* Task item: Would you repeat the entries below word for word and omit the pictures?

* Short descriptive text snippets:
============================================================

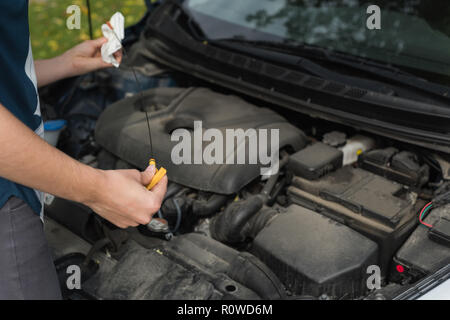 Woman checking a car during breakdown Stock Photo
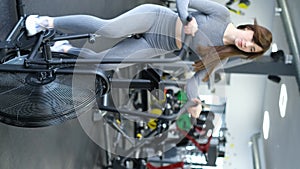 Sporty girl trains on an aerobike in the gym. Fitness girl doing cardio on exercise bike.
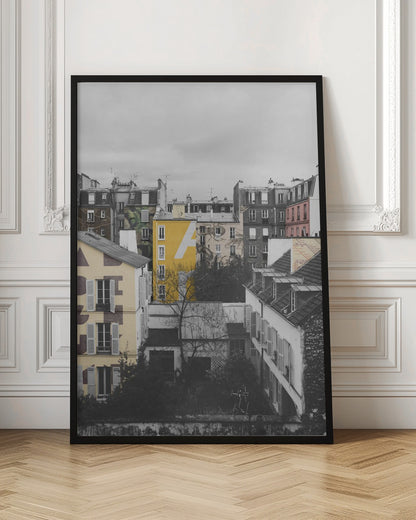 A framed, vertical photograph with selective color, showing a dense cluster of Parisian-style buildings under an overcast sky. Most of the image is in black and white, but one building is a vibrant yellow with a large white 'A' painted on it, creating a striking focal point. Wall Art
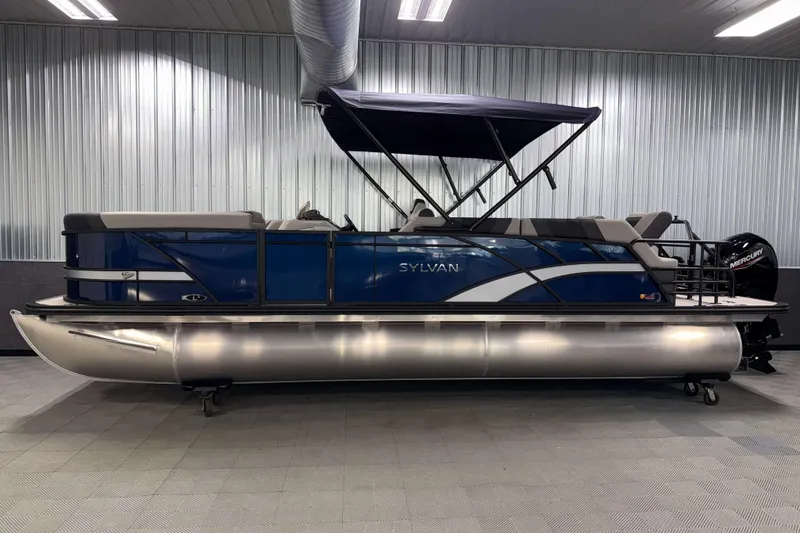Slide: The Image of 2026 Sylvan L3 SLZ pontoon boat with blue exterior and canopy in showroom. - 30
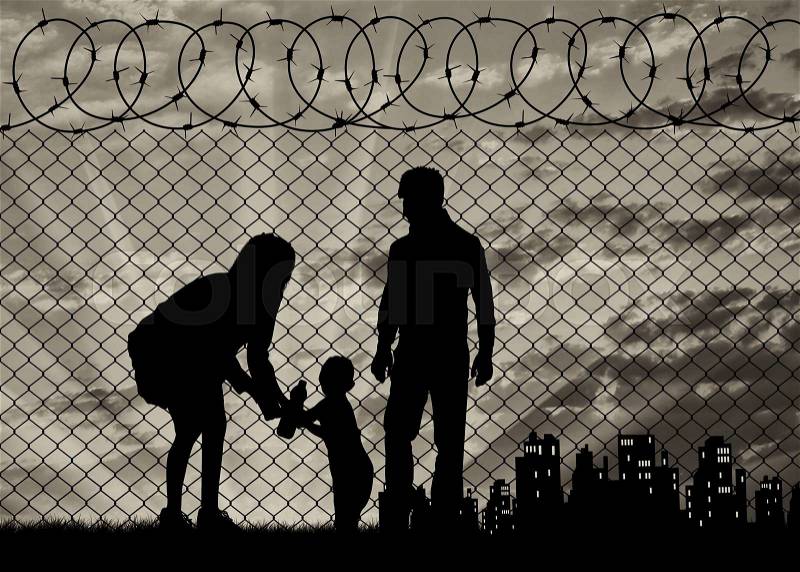 Concept of the family of refugees. Silhouette of refugee families near the fence on the border on the background of the city in the distance at sunset, stock photo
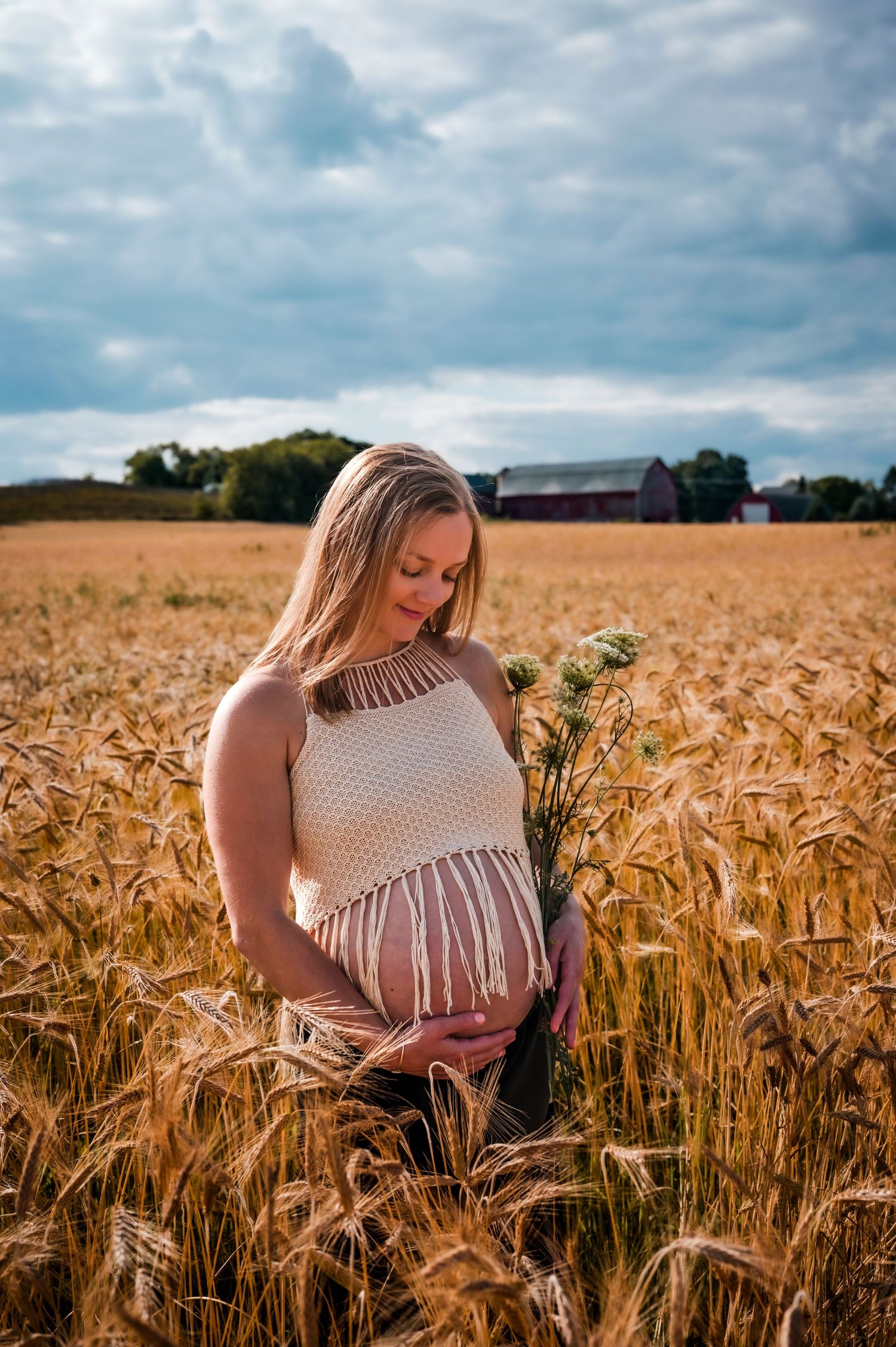 Pregnant woman in wheat field holding wildflowers, wearing crochet top, with red barn in background under cloudy sky.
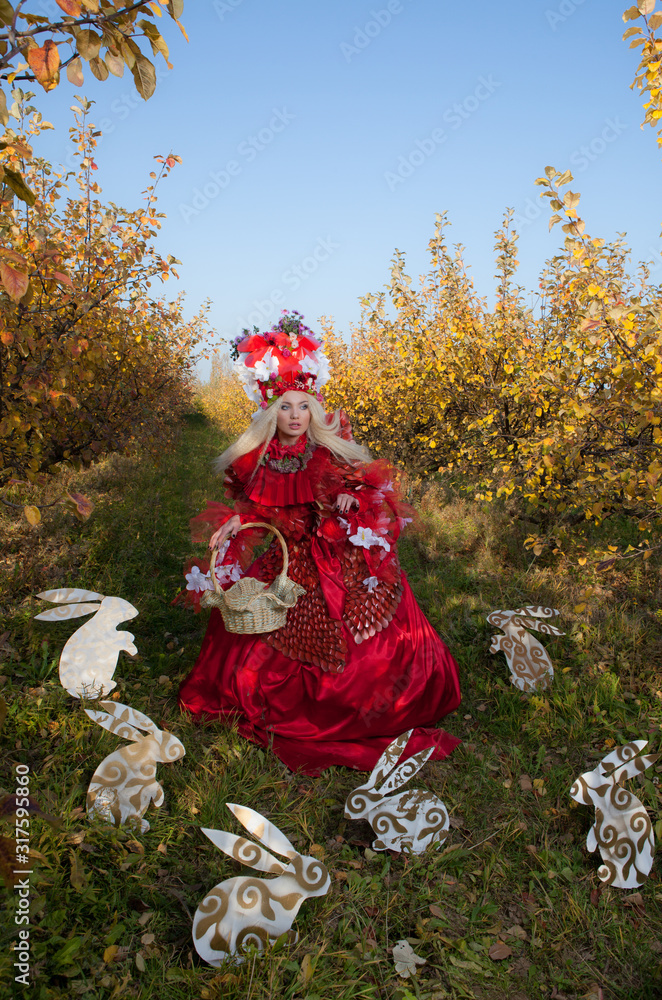 Sensual blond girl in fantasy red fairy tale stylization in apple park. Sensual blond girl in fantasy red fairy tale stylization in apple park.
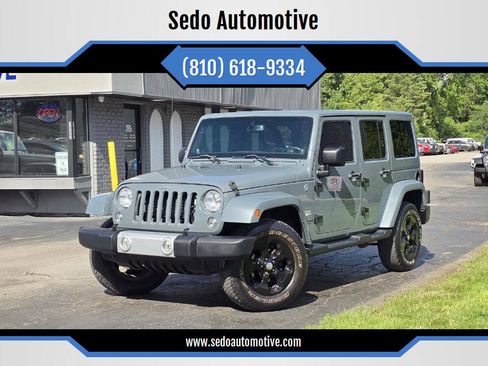 Used 2014 Jeep Wrangler Unlimited Sahara w/ Dual Top Group AWD/4WD image 1
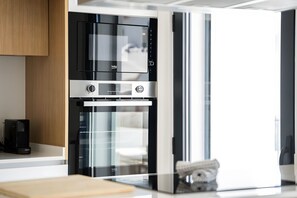 Eine moderne Küche mit Einbauofen und Mikrowelle, einer Kaffeemaschine und einem Kühl- und Gefrierschrank mit Glastür.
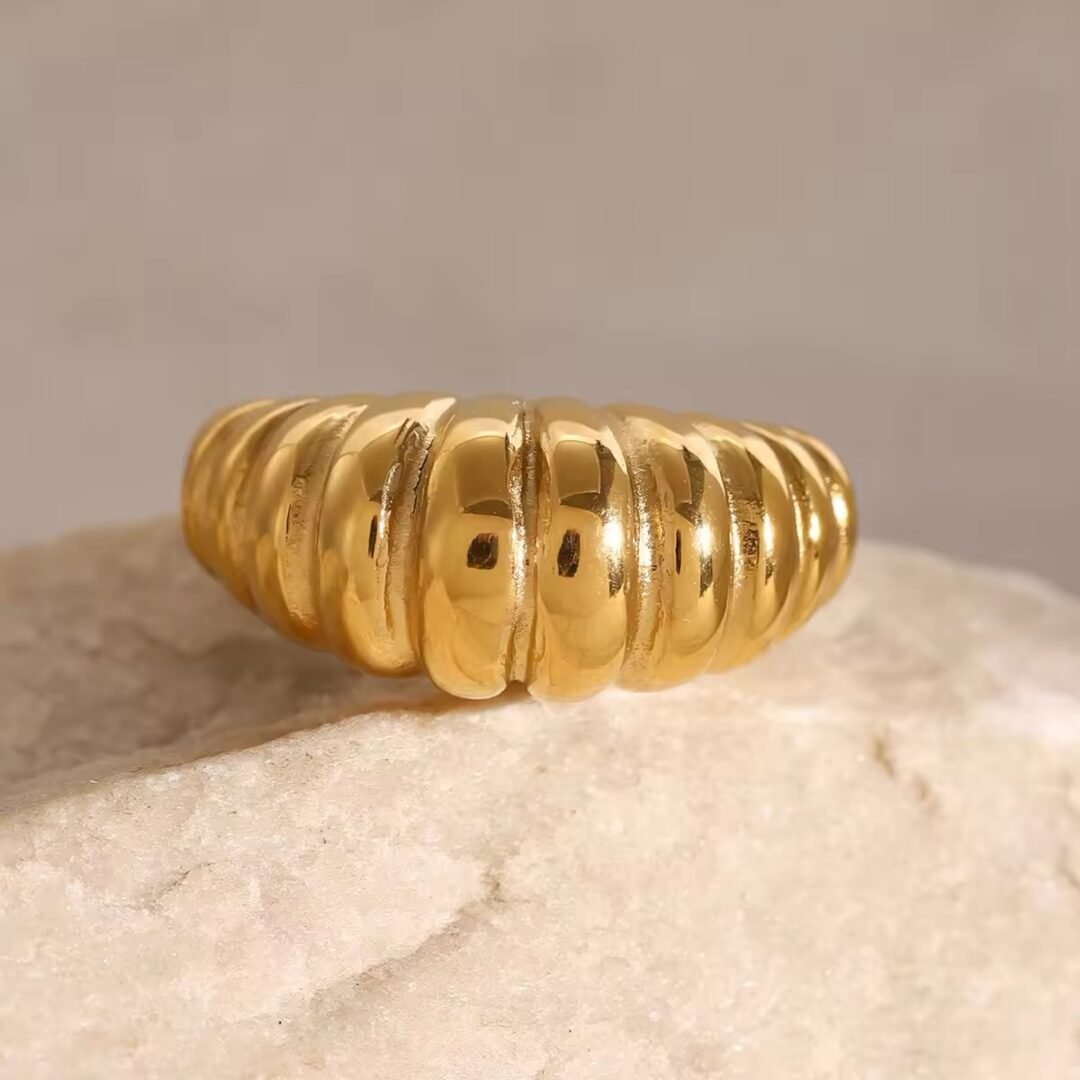 French Twist — gold rope ring styled on the hand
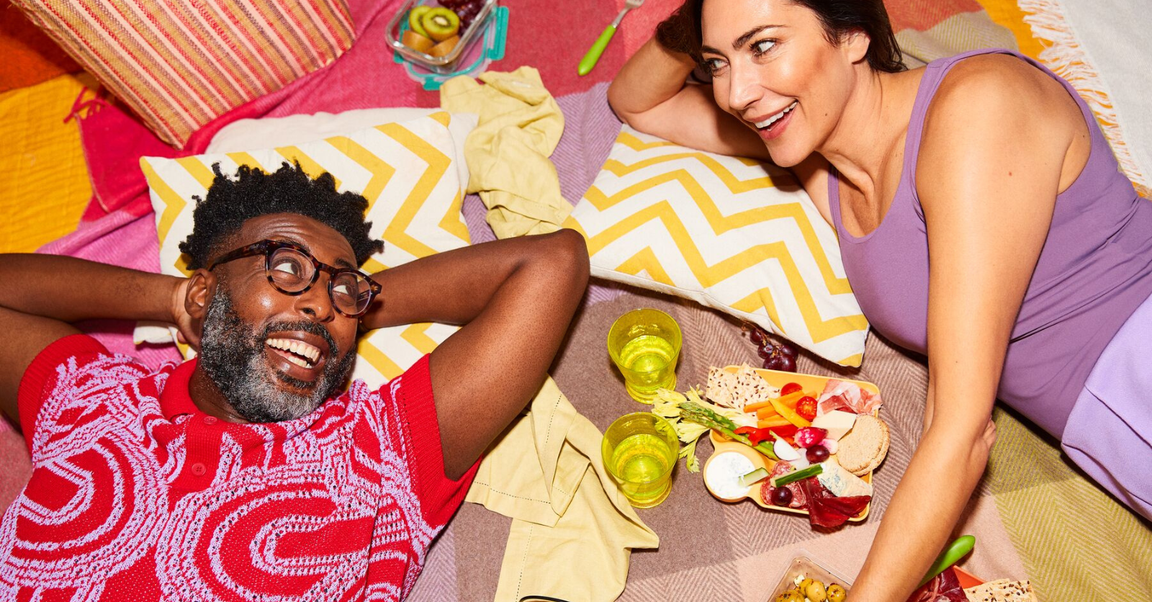 A couple relaxes on a picnic blanket, enjoying snacks and drinks, with the man wearing a red shirt and the woman in a purple top.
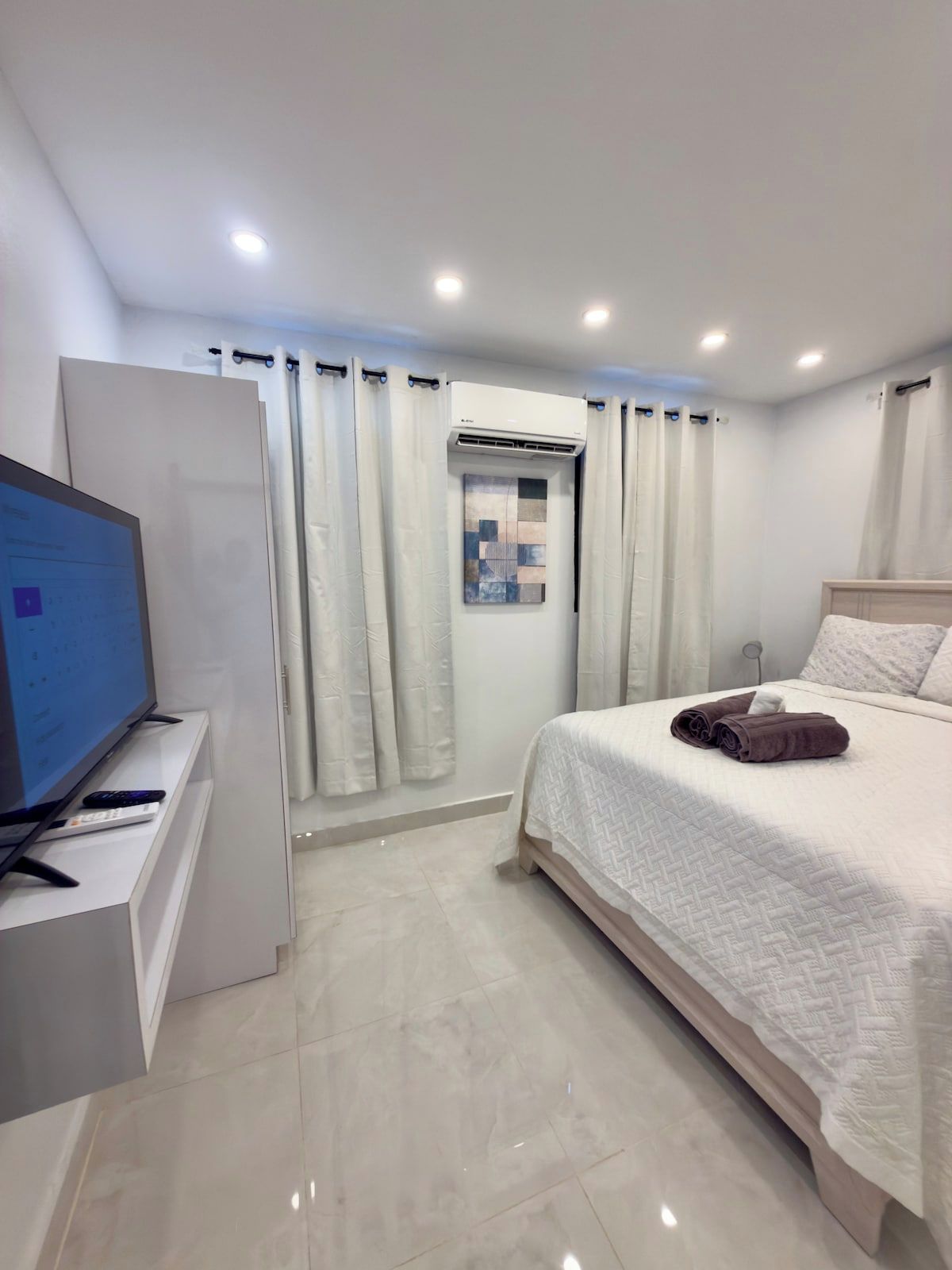 Une chambre d’hôtel équipée d’un lit, d’un téléviseur posé sur un meuble et d’un appareil de climatisation.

============================================================

* Finished exercise:
 Woman checking a car during breakdown Stock Photo
 Sporty girl trains on an aerobike in the gym. Fitness girl doing cardio on exercise bike.
 A framed, vertical photograph with selective color, showing a dense cluster of Parisian-style buildings under an overcast sky. Most of the image is in black and white, but one building is a vibrant yellow with a large white 'A' painted on it, creating a striking focal point. Wall Art
Slide: The Image of 2026 Sylvan L3 SLZ pontoon boat with blue exterior and canopy in showroom. - 30
 Concept of the family of refugees. Silhouette of refugee families near the fence on the border on the background of the city in the distance at sunset, stock photo
 Pregnant woman in wheat field holding wildflowers, wearing crochet top, with red barn in background under cloudy sky.
 Sensual blond girl in fantasy red fairy tale stylization in apple park. Sensual blond girl in fantasy red fairy tale stylization in apple park.
 Used 2014 Jeep Wrangler Unlimited Sahara w/ Dual Top Group AWD/4WD image 1
 Eine moderne Küche mit Einbauofen und Mikrowelle, einer Kaffeemaschine und einem Kühl- und Gefrierschrank mit Glastür.
 French Twist — gold rope ring styled on the hand
 A couple relaxes on a picnic blanket, enjoying snacks and drinks, with the man wearing a red shirt and the woman in a purple top.
 Une chambre d’hôtel équipée d’un lit, d’un téléviseur posé sur un meuble et d’un appareil de climatisation.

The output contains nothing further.